L’autre jour, dans une très grande librairie, j’ai vu arriver deux adolescentes d’une quinzaine d’années, qui paraissaient aussi excitées que si elles se rendaient à une fête. Mais en voyant tous ces rayonnages couverts de livres, elles prirent soudain une expression inquiète et se serrèrent l’une contre l’autre en regardant à la ronde d’un air stupéfait. Voyant qu’elles allaient s’enfuir, je m’avançai vers elles et leur demandai si elles avaient besoin d’aide. Elles déclarèrent qu’elles cherchaient un livre. Quel livre ? Eh bien… elles n’en savaient rien. Leur professeur leur avait dit qu’elles devaient lire des livres et passer moins de temps devant la télévision. Elles n’imaginaient pas qu’il existait tant de livres. Non, il n’y en avait pas chez elles, leurs parents ne lisaient pas. Je vis alors ce qu’elles voyaient, un espace aussi vaste qu’un entrepôt et rempli de milliers de livres, dont chacun était un monde inconnu, un défi, un mystère. Je les accompagnai donc de rayon en rayon en leur expliquant qu’ils étaient classés par genre : romans, biographies (ouvrages retraçant la vie d’une personne), autobiographie (ouvrages retraçant la vie de leur auteur), animaux, voyages, sciences etc. Elles sortirent avec une demi-douzaine de livres, et j’espère qu’elles sont retournées plus tard dans une librairie.

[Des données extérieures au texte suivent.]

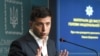 Ukrainian President Volodymyr Zelenskiy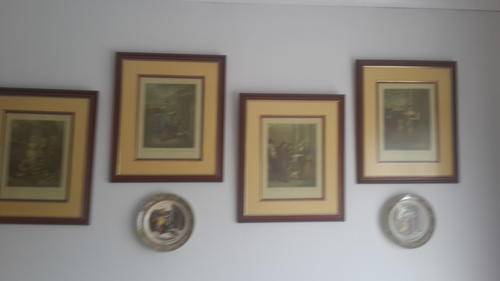 Cries Of London Set, 4 Prints and 2 Plates.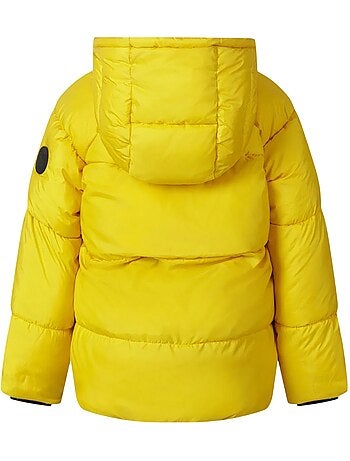 Veste matelassée motif/style badge - minoti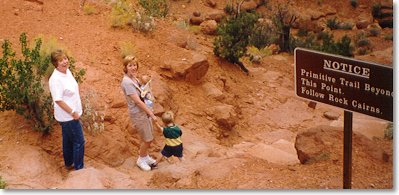 Moab hike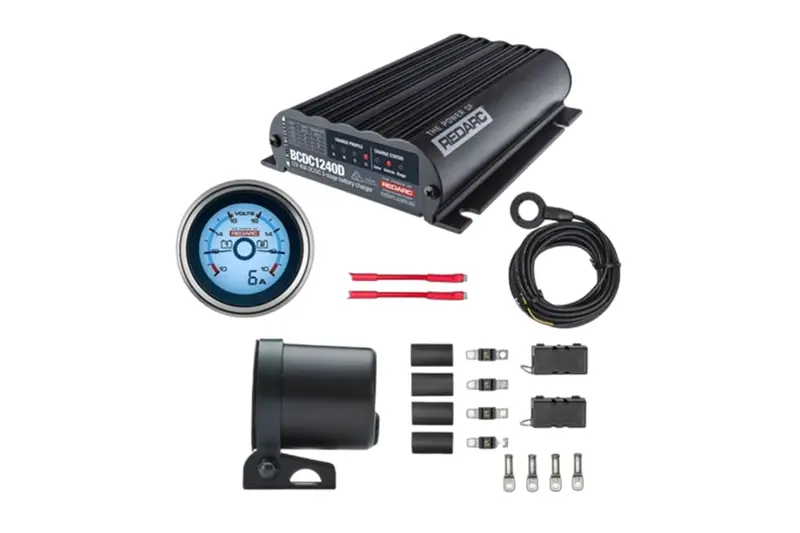 Redarc Off-Grid Battery Charger Package 1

Je crois que les gens travaillant avec des livres ou élevés dans une famille où leur présence allait de soi ne peuvent imaginer la confusion, l’effarement, le découragement qui s’empare nécessairement de jeunes gens auxquels on recommande de lire alors qu’ils n’ont ni parents ni amis plus âgés pour les conseiller.

Doris Lessing, “Introduction à un guide de lecture”, in Le temps mord.